Tips from Karen Bender, author of A Town Of Empty Rooms (Counterpoint Press, 2013).
Karen Bender’s second novel, A Town of Empty Rooms, came easier than the first. She prefers the short story form and her first book, the novel Like Normal People, was spiraling in its first draft. She had thought that writing a novel was the same as writing pages. So she had many many pages with no narrative arch. She found herself asking: what is it that my character wants?
By book two she had learned to write only the scenes she needed to tell the story. Have a core question that you are aiming to answer, and write to that. Some examples are – is he going to get the girl? Or will he find his way home? Reduce the story to one question to find out what’s necessary to include.
In her most recent novel, Town of Empty Rooms, she began writing from the main protagonist’s point of view before expanding the scope to include the experience of the protagonist’s husband. Later she found that there was an opportunity to explore the theme of community if the members of the town’s temple had their say too. She recommends shifting at plot points though only when it’s important to the story. When do you really want to know about this person? As long as you establish the main character’s POV early on then the readers will stay with you when you shift.
The outside world, she said to me, is like a rock that comes at you. There are all these things you can’t control. So the wonder and joy of being a writer is the ability to transform this experience, this feeling, and put it to use for other people to relate to. [In Fiction] your feelings are valuable. Everywhere else in the world you’re told how you shouldn’t feel angry or sad or depressed. Feelings get in the way of productivity. In writing they are everything They are your bond to other people.
In her Ten Commandments, Karen reminds writers to use specificity to explore the life of the characters beyond the moment. What details of the character imply things about the way they live their lives when they aren’t on the page? In her recent book, for example, the myriad of badges on a young boys scout uniform tells us all lot about his family’s values.

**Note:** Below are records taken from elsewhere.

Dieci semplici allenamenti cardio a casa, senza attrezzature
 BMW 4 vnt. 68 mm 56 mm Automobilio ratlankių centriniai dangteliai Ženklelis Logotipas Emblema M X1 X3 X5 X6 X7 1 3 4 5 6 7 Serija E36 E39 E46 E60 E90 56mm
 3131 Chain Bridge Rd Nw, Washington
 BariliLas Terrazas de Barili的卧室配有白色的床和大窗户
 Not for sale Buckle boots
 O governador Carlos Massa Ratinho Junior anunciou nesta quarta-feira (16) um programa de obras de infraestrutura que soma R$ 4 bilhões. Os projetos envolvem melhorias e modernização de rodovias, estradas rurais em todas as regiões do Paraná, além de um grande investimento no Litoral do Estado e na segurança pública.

At her reading at Greenlight, Karen mentioned she kept both John Cheever and Richard Yates on hand when writing her own story of suburban mishigas. When she signed my book she talked to me quickly about narrative design, the act of drawing out a shape for your plot’s trajectory. She also referred to me to a friend at UCLA who both writes and teaches and followed up with me while I was visiting the city.
She says the biggest challenge of writing is to let characters be who they are – in all of their strangeness and longing. She reads me a quote from the intro to the Cheever Journals: “He meant to show others that their thoughts are not unthinkable.” So the point of literature, she tells me, is to show people that their complicated thoughts are what other people have too.
Check out Town Of Empty Rooms for an ear into the roar of Serena’s Hirsch’s mind. In the wake of her father’s death she makes a decision that forces her and her family into exile. For the remainder of the novel all the characters seek to cut through their own isolation both in their family and their community at large.